━━━━━ RECORDS FOR THE EXERCISE

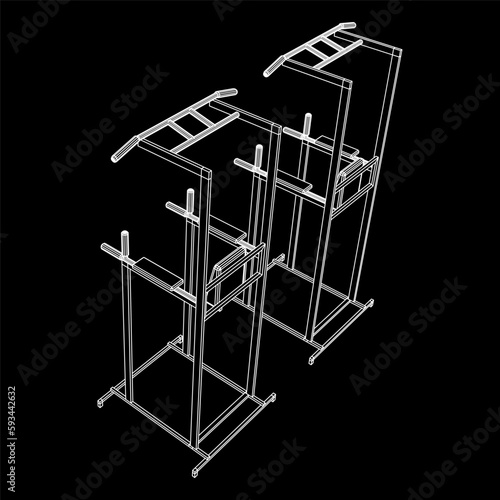 Pull up bar. Upper body workout, bodybuilding exercise.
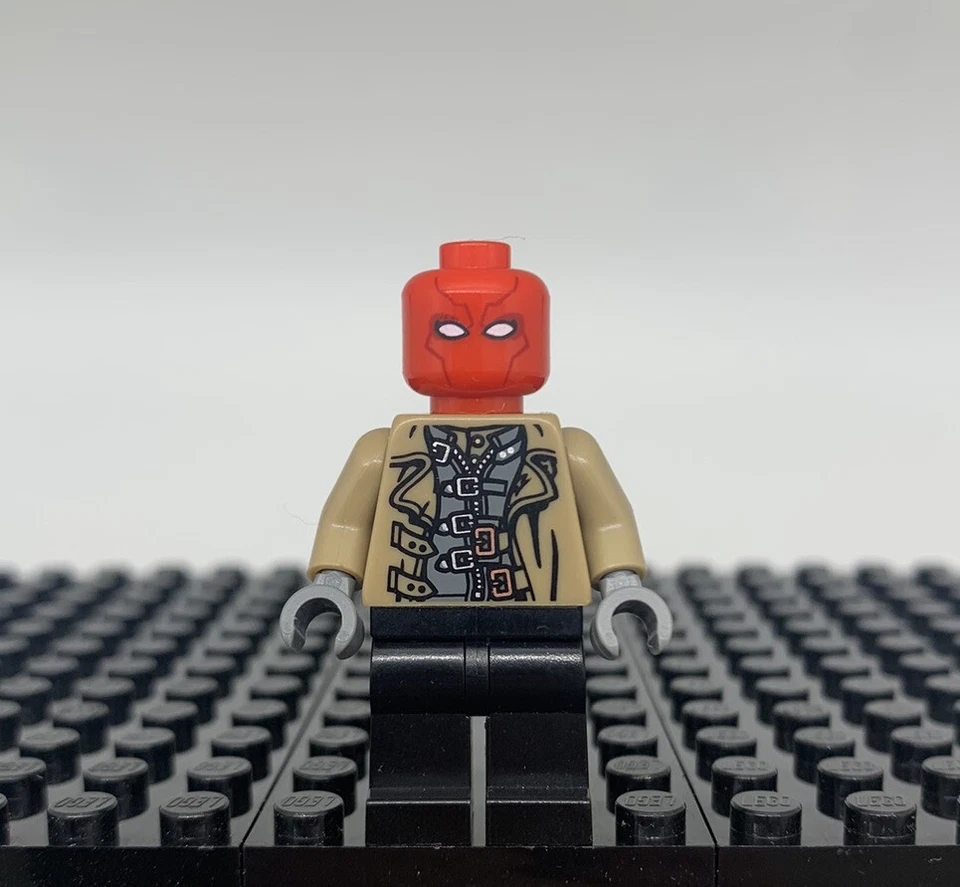 LEGO DC Comics Red Hood Minifigure Batman (100% Authentic LEGO Parts) - Image 1 of 2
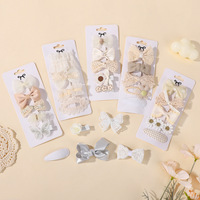 Ensemble de pinces à cheveux en acétate pour enfants 5 cm à carreaux à pois nœud mignon mini accessoires de cheveux de fête 5218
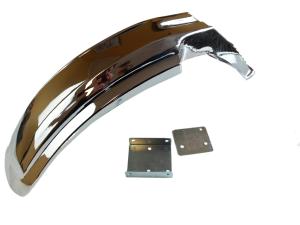 Framskärm enduro kromad Universal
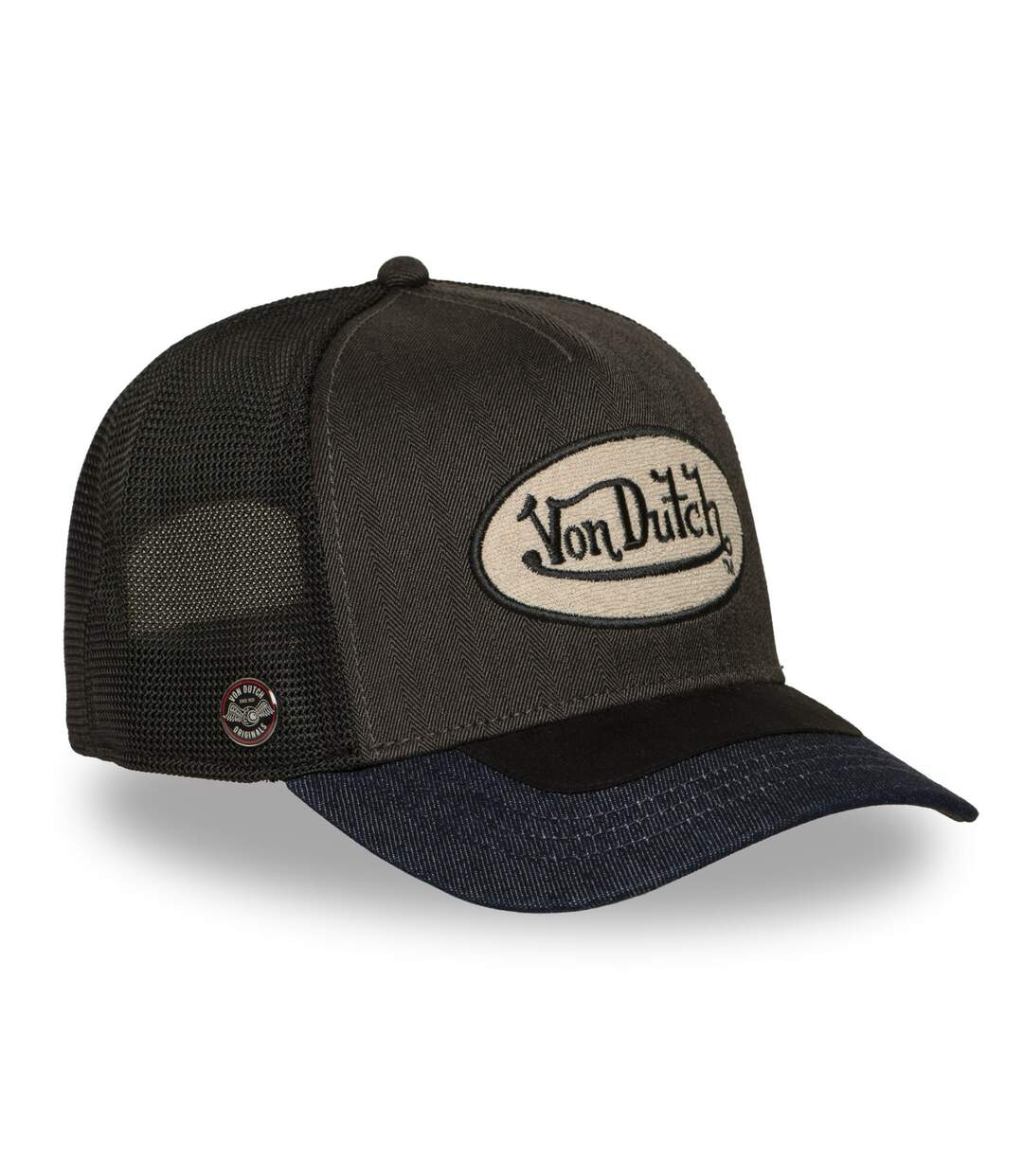 Casquette trucker filet premium avec patch et visière bimatière Shiel Vondutch-4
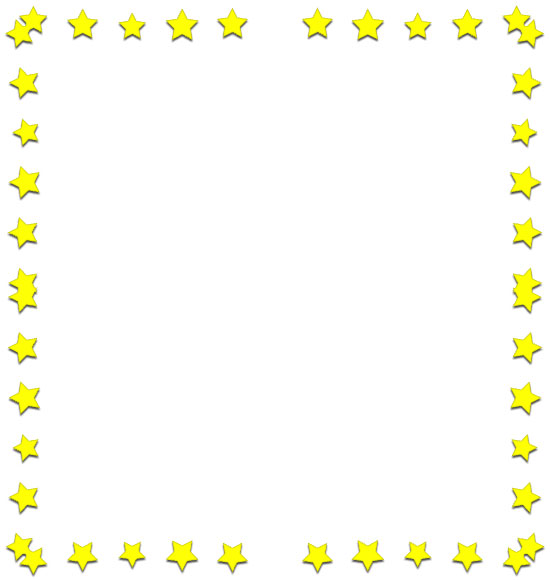 yellow star border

━━━━━━━━━━

EXERCISE DESCRIPTION: Only the lines from the one containing "Casquette trucker filet" through the last line of the entries belong in the answer, given again exactly. Images stay out.

WORKED SOLUTION:
 Casquette trucker filet premium avec patch et visière bimatière Shiel Vondutch-4
 yellow star border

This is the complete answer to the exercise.